すると、学校の体育館のステージ上のピアノの位置が下手だ!との覚え方。
「ピアニッシモ」なんてのもWikipediaにありました。
ピアノがシモね。なるほど~、うまい!
しかしだな、「学校の体育館のステージ上のピアノの位置」を思い出すのに少々時間が掛からないだろうか。しかも○十年前ともなると、中には思い出せない人もいるのでは?
他に良い覚え方はあるかな?
「舞台の花道は下手側」
なるほど。
花道は演者の「出入り口」に当たるので、「下」のイメージ。奥、つまり向かって右側が上手になるわけですね。ふむふむ。
しかし、これも慣れていないとちょっとイメージに時間が掛かるかも…
もう、ダイレクトにイメージで覚えましょうか?
どちらかを覚えましょう。右手がカミテ。これでいきます?
よし、右手が上手。右がカミテ。みぎかみ…ちぎみゆ(←いや、違う。個人的間違い)
みぎかみ…みぎかみ…
みかみ!
ミカミさんね。これでようやく覚えました。たぶん忘れないだろう。
ちなみに誰か「みかみ」を先に考えた人がいるかも、と思って調べてみましたが、今のところ発見されず。(たぶん皆さま苦労しなくても覚えられるから)

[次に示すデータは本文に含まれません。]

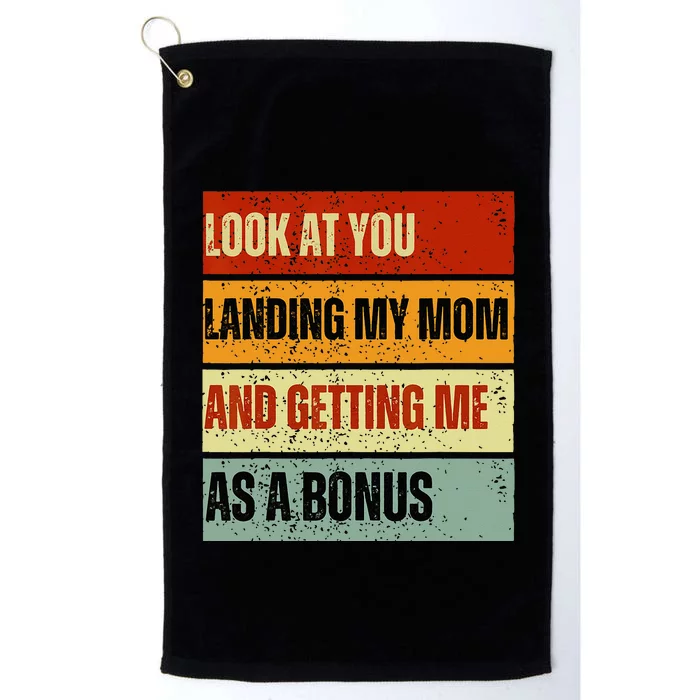 look at you landing my mom and getting me as a bonus Platinum Collection Golf Towel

ということでワタクシのオリジナルの覚え方、かも(←保険)でございます。
ちなみにこの記事を公開したところ、宝塚ブログ界の”すみれの里”(と私が勝手に心の中で呼んでいる)「風のワルツ」のうさぎ様よりコメント頂きました。
「因みに私は「ヒダリッシッシモ」と名付けました」と。
おおっおもしろい!
宝塚雪組公演『fff -フォルティッシッシモ-』~歓喜に歌え!~」のなぞりですねー。コロナの影響で延期になっていますが、本来なら7月に公演される予定でした。
ヒダリッシッシモだとちと長いので実際使うなら「ヒダリッシモ」がいいかも?でもついついヒダリッシッシモも言ってみたくなります。

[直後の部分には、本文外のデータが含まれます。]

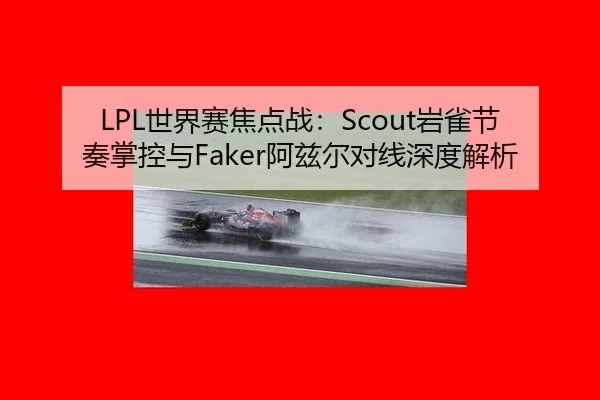 LPL世界赛焦点战：Scout岩雀节奏掌控与Faker阿兹尔对线深度解析
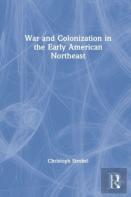 War And Colonization In The Early American Northeast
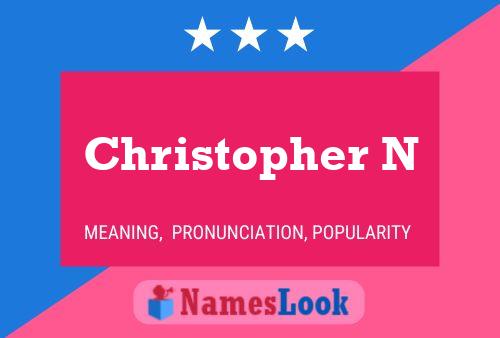 Christopher N 名字海报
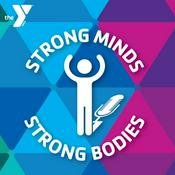 Podcast Strong Minds, Strong Bodies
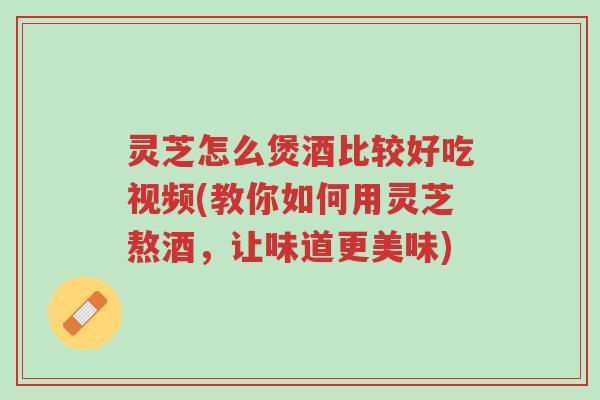 灵芝怎么煲酒比较好吃视频(教你如何用灵芝熬酒,让味道更美味)-第1张图片-超越 灵芝怎么煲酒比较好吃视频(教你如何用灵芝熬酒,让味道更美味)-第1张图片-超越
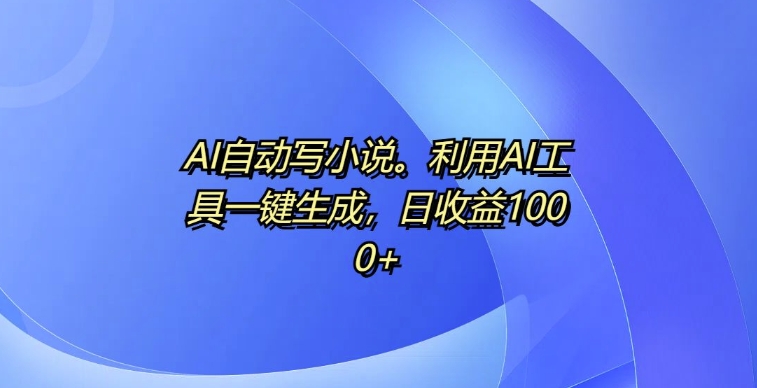 AI自动写小说，利用AI工具一键生成，日收益1k【揭秘】-路子网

うさぎさんのセンスに痺れました。ありがとうございます♡
なぜ右側は上手なのか?
なぜ上手は上手となりしか。
これは日本の伝統芸能の「能」が源流。そして「歌舞伎」にも。先に書いた「花道」が下手(しもて)だからですね。
ではさらに、なぜ左側が花道、下手になったのか。
舞台上の人から見れば、下手は右側です。
左側が上手。
左が上位の位置として上手なのだとか。
僻地の閑職に飛ばされる「左遷(させん)」なんて言葉もありますが、「左大臣」「右大臣」となると「左大臣」が上位です。さて、左右どちらが優位なのでしょう。
古代中国の影響を受ける
歴史的に日本は古代中国の影響を受けています。古代中国も国自体が民族からして丸ごと代わっていますので、時の為政者により価値観も大きく変化しているのですね。
前の王朝を完全否定するべく、昨日まで右が偉かったけど、今日から左の方が偉いことにする!なんてなったのでしょう。

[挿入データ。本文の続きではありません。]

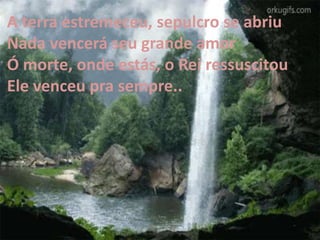 A terra estremeceu, sepulcro se abriu
Nada vencerá seu grande amor
Ó morte, onde estás, o Rei ressuscitou
Ele venceu pra sempre..
 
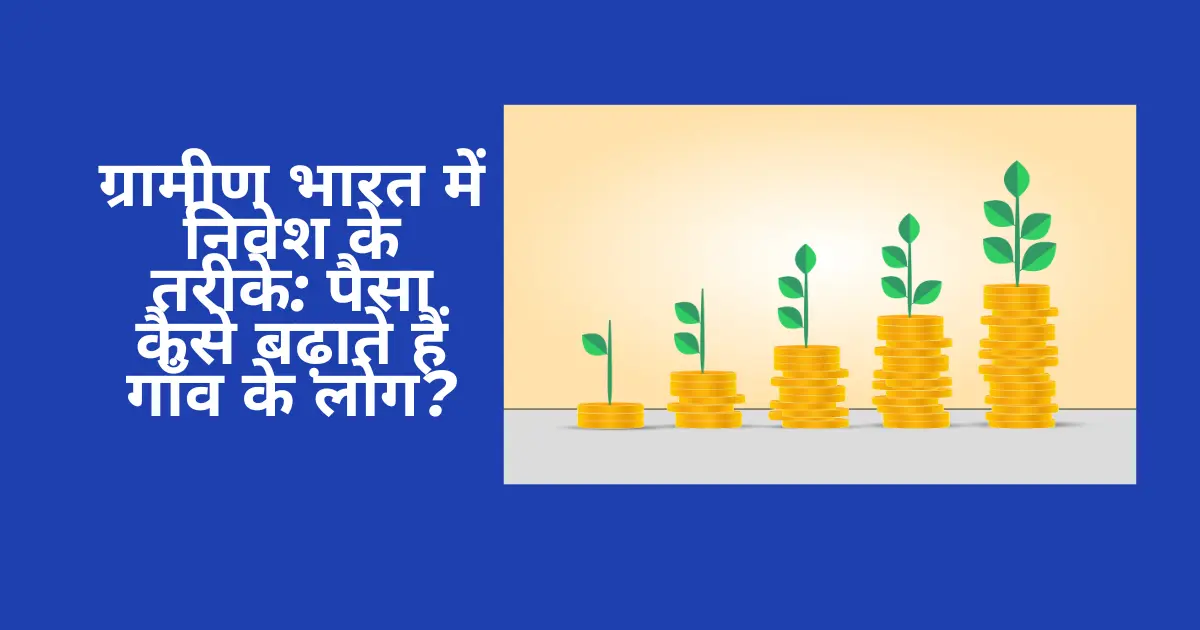 ग्रामीण भारत में निवेश के तरीके: पैसा कैसे बढ़ाते हैं गाँव के लोग?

「天子(皇帝)は南面す」という言葉があったそうで、天における不動の北極星を背に、皇帝は南を向いて座る、というのも日本の天皇は影響を受けたようです。
そもそも日本の神も南面す?
でも、日本は古代中国の影響を受ける前に、そもそも神は南向きだったのかも。日本の神社の多くは南を向いています。
やっぱり日本の気候では、感覚として南向きの陽当たりがいいのではないでしょうか?光り輝いて神々しさを感じられる、南向きの造りで神社を建てたいですよね。湿気とか建築の管理維持を考えても。
そしてもっと遡ると、太陽神であるアマテラスにアマノウズメが踊ったり歌ったりしたのが日本における芸能の始まりとされています。
アマテラスさんが天の岩戸に籠もってしまって世の中真っ暗になってしまったので、ウズメさんが一生懸命踊って観衆である神々たちを盛り上げました。
ウズメさんは日本で初の舞台人として成功を収めた人(いや神か)、無明の闇から光を導きだした偉大なるエンターテイナーかもしれません。
そのような神話が記された「古事記」には後世にも役立つ普遍の価値・ヒントがたくさん含まれています。困難な時代を切り拓くきっかけになるのは芸能である、ということもその一つであるとも考えられます。
話が若干逸れていますが、日本の神はもともと南向きに鎮座。神から見て左右の優位性は時代による、というところでしょうか。
説として「左」は「日照り」であり、日が照るから神聖であり左が優位になった、というものがあります。
明治以降は西洋の「右が優位」である儀礼を取り入れ、昭和天皇の時代、天皇皇后両陛下の左右の並びが正式に変えられたそうです。
英語圏では正しいことは「right」です。正しければ権利「right」もありますね。これはキリスト教が関係しています。キリストは十字架に架けられて昇天しました。そして神の玉座の右に座ったのだそうです。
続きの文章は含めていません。